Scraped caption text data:
---

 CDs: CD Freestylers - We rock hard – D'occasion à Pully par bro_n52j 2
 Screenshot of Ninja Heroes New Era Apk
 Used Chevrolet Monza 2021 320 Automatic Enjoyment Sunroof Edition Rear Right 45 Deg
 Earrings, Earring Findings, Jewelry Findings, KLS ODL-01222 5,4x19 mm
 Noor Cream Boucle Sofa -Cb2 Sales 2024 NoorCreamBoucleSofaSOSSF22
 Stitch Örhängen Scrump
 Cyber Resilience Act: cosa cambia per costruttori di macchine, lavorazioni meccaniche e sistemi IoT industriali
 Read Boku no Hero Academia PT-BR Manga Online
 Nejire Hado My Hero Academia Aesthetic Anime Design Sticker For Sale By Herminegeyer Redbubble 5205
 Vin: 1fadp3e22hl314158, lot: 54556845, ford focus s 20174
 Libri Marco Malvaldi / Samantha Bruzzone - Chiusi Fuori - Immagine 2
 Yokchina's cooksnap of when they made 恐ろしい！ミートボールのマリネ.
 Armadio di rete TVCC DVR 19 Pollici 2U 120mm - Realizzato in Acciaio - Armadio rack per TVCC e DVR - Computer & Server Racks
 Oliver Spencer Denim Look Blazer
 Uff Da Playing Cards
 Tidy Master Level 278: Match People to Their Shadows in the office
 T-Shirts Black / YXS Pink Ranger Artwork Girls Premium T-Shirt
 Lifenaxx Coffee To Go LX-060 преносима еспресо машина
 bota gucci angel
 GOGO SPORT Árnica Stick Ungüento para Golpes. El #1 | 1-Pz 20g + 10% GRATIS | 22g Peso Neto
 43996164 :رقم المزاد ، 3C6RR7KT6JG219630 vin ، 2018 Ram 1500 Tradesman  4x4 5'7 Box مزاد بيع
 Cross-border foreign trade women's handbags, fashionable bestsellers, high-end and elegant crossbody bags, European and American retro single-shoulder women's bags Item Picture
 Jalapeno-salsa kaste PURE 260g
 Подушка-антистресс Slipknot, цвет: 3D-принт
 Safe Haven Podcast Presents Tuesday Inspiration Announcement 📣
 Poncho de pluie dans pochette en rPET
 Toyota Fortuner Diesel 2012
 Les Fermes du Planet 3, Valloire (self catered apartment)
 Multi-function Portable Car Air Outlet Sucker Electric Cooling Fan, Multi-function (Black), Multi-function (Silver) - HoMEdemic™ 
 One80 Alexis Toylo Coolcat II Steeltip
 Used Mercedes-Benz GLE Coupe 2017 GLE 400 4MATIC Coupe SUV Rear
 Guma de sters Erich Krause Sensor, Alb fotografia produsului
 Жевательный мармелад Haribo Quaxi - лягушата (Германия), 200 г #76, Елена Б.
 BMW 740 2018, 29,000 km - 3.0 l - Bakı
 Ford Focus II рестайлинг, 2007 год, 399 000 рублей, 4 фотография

---

Assignment = The lines above starting at the one that contains "Lifenaxx Coffee To" and ending at the one that contains "Жевательный мармелад Haribo" must be transcribed exactly, and no other lines may appear.

Your solution =
 Lifenaxx Coffee To Go LX-060 преносима еспресо машина
 bota gucci angel
 GOGO SPORT Árnica Stick Ungüento para Golpes. El #1 | 1-Pz 20g + 10% GRATIS | 22g Peso Neto
 43996164 :رقم المزاد ، 3C6RR7KT6JG219630 vin ، 2018 Ram 1500 Tradesman  4x4 5'7 Box مزاد بيع
 Cross-border foreign trade women's handbags, fashionable bestsellers, high-end and elegant crossbody bags, European and American retro single-shoulder women's bags Item Picture
 Jalapeno-salsa kaste PURE 260g
 Подушка-антистресс Slipknot, цвет: 3D-принт
 Safe Haven Podcast Presents Tuesday Inspiration Announcement 📣
 Poncho de pluie dans pochette en rPET
 Toyota Fortuner Diesel 2012
 Les Fermes du Planet 3, Valloire (self catered apartment)
 Multi-function Portable Car Air Outlet Sucker Electric Cooling Fan, Multi-function (Black), Multi-function (Silver) - HoMEdemic™ 
 One80 Alexis Toylo Coolcat II Steeltip
 Used Mercedes-Benz GLE Coupe 2017 GLE 400 4MATIC Coupe SUV Rear
 Guma de sters Erich Krause Sensor, Alb fotografia produsului
 Жевательный мармелад Haribo Quaxi - лягушата (Германия), 200 г #76, Елена Б.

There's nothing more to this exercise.